*TO DO*: When you find the line with "Lot assiette service" among the records below, reproduce it and each line after it exactly, ending with the line with "CAMPEONATO BRASILEIRO DE".

*MATERIALS PROVIDED*:
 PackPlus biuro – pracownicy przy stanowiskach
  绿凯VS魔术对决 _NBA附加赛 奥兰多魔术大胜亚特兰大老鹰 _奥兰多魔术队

* * *

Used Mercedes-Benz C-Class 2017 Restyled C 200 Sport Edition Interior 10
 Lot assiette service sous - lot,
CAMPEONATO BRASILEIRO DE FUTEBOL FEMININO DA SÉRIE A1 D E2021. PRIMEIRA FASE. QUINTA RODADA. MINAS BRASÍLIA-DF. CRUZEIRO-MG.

*EXERCISE SOLUTION*:
 Lot assiette service sous - lot,
CAMPEONATO BRASILEIRO DE FUTEBOL FEMININO DA SÉRIE A1 D E2021. PRIMEIRA FASE. QUINTA RODADA. MINAS BRASÍLIA-DF. CRUZEIRO-MG.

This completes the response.